Nell’ipotesi in cui nel patrimonio del de cuius vi sia un fabbricato abusivo e uno dei coeredi limiti la domanda di divisione ai beni diversi dall’edificio abusivo, questi non compie una scelta di convenienza, ma si adegua semplicemente al disposto degli artt. 46 del d.p.r. 380/2001 e 40 della legge 47/1985, che vietano lo scioglimento della comunione relativa ad un tale immobile, per il quale non è possibile indicare nell’atto gli estremi del titolo abilitativo (inesistente).
In siffatta ipotesi, dunque, non vi è ragione di dar rilievo alla volontà degli atri coerenti, convenuti nel giudizio di divisone, e di consentire loro di opporsi alla domanda di divisione parziale.

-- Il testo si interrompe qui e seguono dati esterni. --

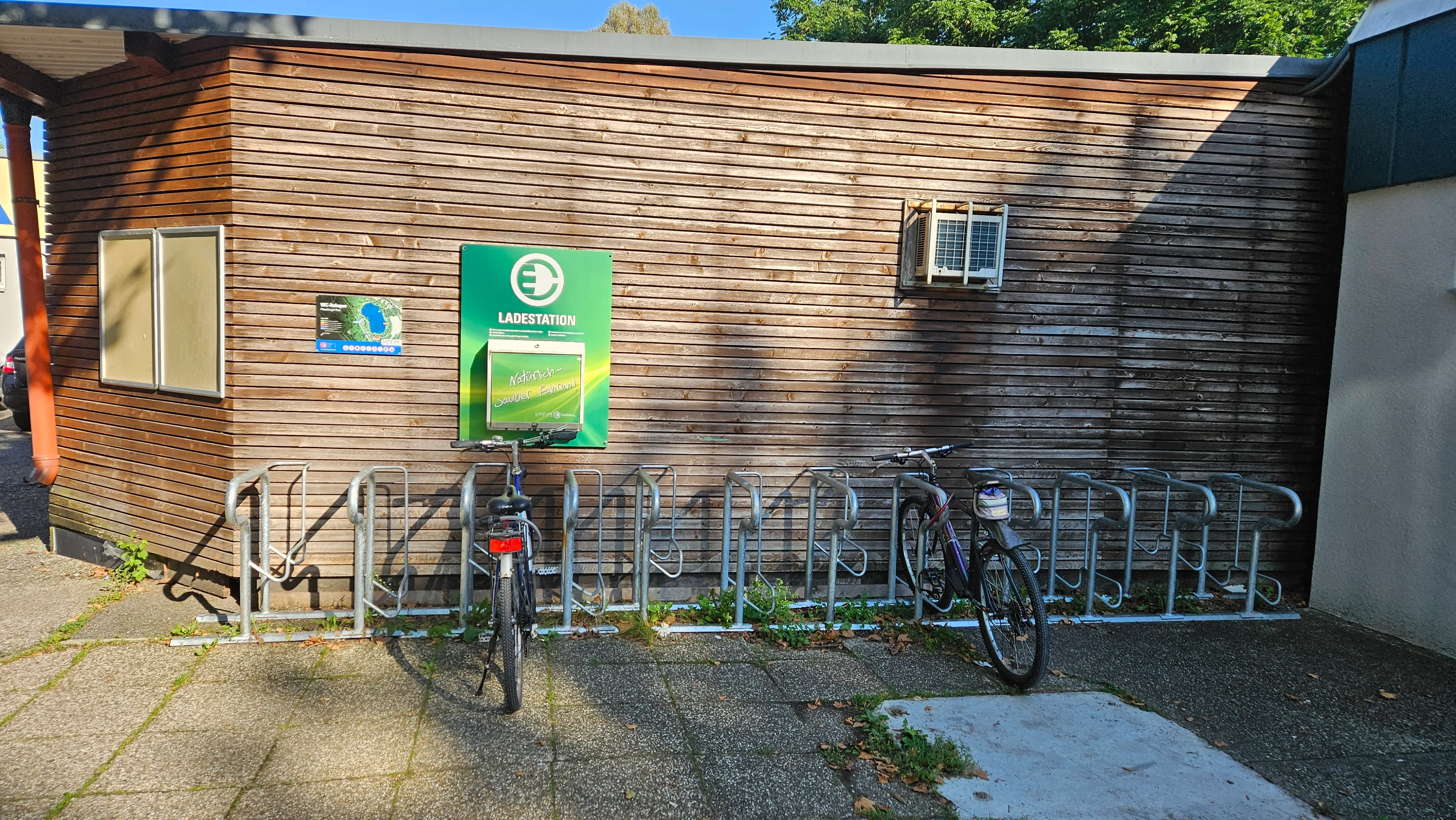 E-Bike Ladestation mit Fahrrädern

Diversamente opinando, ne risulterebbe illogicamente compresso il diritto potestativo spettante ad ogni coerede di ottenere lo scioglimento della comunione ereditaria dei beni per i quali essa è giuridicamente possibile.
In conclusione, viene enunciato il seguente principio di diritto: “Allorquando tra i beni costituendi l’asse ereditario ci siano edifici abusivi, ogni coerede ha diritto, ai sensi dell’art. 713, primo comma, cc, di chiedere e ottenere lo scioglimento giudiziale della comunione ereditaria per l’intero complesso degli altri beni ereditari, con la sola esclusione degli edifici abusivi, anche ove non vi sia il consenso degli altri condividenti”.
Infine, le Sezioni Unite puntualizzano che la divisione “endoesecutiva” e quella “endoconcorsuale” sono sottratte alla comminatoria di nullità prevista per gli atti di scioglimento della comunione aventi ad oggetto edifici abusivi, enunciando il principio di diritto secondo il quale “In forza delle disposizioni eccettuative di cui all’art. 46, comma 5, del d.p.r. n. 380 del 2001 e all’art. 40, commi 5 e 6, della legge n. 47 del 1985, lo scioglimento della comunione (ordinaria o ereditaria) relativa ad un edificio abusivo che si renda necessaria nell’ambito dell’espropriazione di beni indivisi (divisione cd “endoesecutiva”) o nell’ambito del fallimento (ora, liquidazione giudiziale) e delle altre procedure concorsuali (divisione cd “endoconcorsuale”) è sottratta alla comminatoria di nullità prevista, per gli atti di scioglimento della comunione aventi ad oggetto edifici abusivi, dall’art. 46, comma 1, del d.p.r. 6 giugno 2001 n. 380 e dall’art. 40, comma 2, della legge 28 febbraio 1985, n. 47”.